It's on a laptop running Ubuntu 14.04, where the WiFi wlan0 is used to connect to Internet.

And eth0 (RJ45) is set statically in /etc/network/interfaces

auto eth0
iface eth0 inet static

The problem is, there is usually no cable connected to eth0, so at boot the IP address is not set. And when a cable is connected (on a LAN) for a short period of time, the address has to be set

ifdown eth0
ifup eth0

and since the device the laptop connects to does stop and restart, the IP is lost and has to be set again.

That kind of configuration does not seem to fit for a laptop connecting at times to devices, which may reboot etc...

Is there a way to tell the system to keep that IP assigned to eth0, whatever happens, cable disconnections, boot, etc... ?

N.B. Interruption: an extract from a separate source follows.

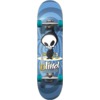 Blind Skateboards Saber Mini Complete Skateboard - 7.25" x 29.8"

It seems wicd was the culprit. Once I removed eth0 from its config, the IP address behaved more consistently. It's always ON, on boot, unplugged... I knew the good old interfaces file could be trusted!

  • For this reason (frequent disconnected cables), Network Manager was invented. Any reason why you are not using NM or similar software? Any reason why you actually need this static IP?
    – Lekensteyn
    Jan 22 '15 at 18:41
  • @Lekensteyn NM is incompatible with specific requirements. See edit.
    – Déjà vu
    Jan 22 '15 at 23:46

Try allow-hotplug:

auto eth0
allow-hotplug eth0
iface eth0 inet static

I thought legitimate to answer my own question as, actually, there is nothing wrong with the good old /etc/network/interfaces - ie having interfaces not managed by a high level tool (like network-manager, wicd etc...).

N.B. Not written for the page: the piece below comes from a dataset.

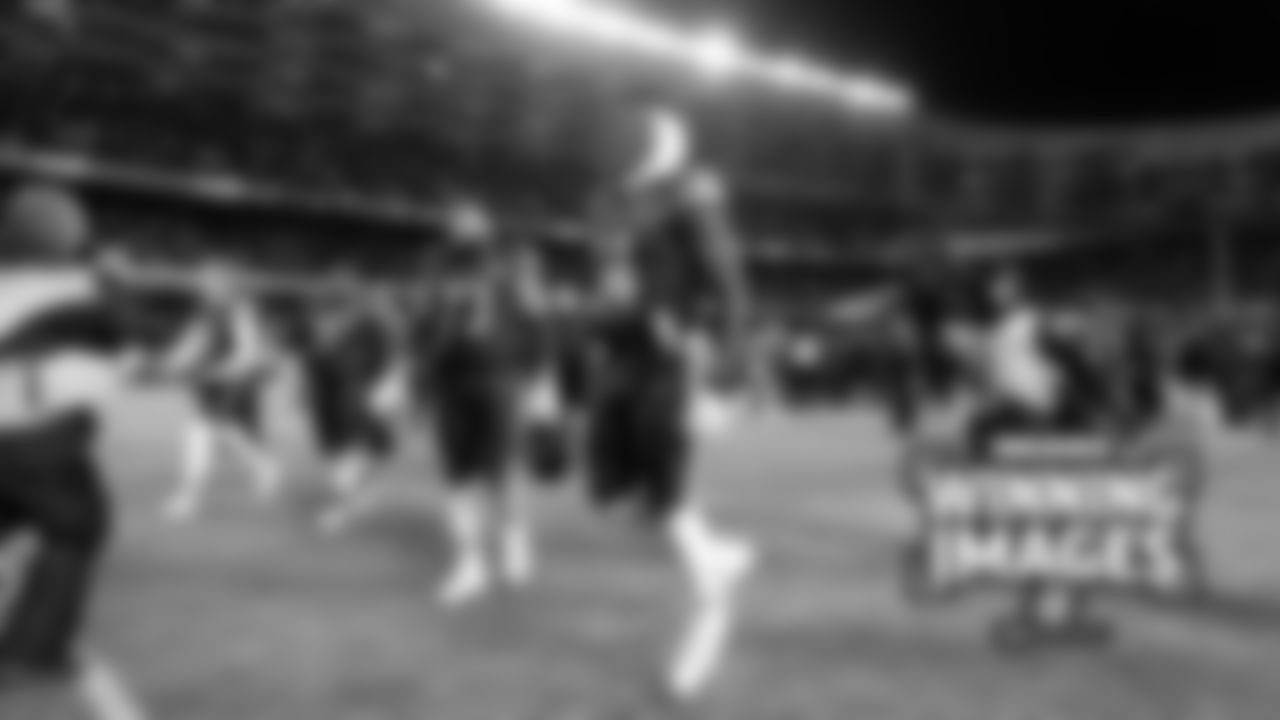 Winning-Images-Wild-Card-16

It appears that, in my case, wicd was having some interface properties that made the link ON of OFF depending on the cable is plugged or not. Being not a wicd specialist (and don't intend to be), wicd was simply apt-get purged from the system.

Without neither Network Manager nor wicd the network behaves without bias (due to, I must confess, my incompetence in these high level tools).

While managing everything manually requires a bit more time, the trade-off is a very reliable and un-surprising network. That's valuable when specific network configurations have to be implemented.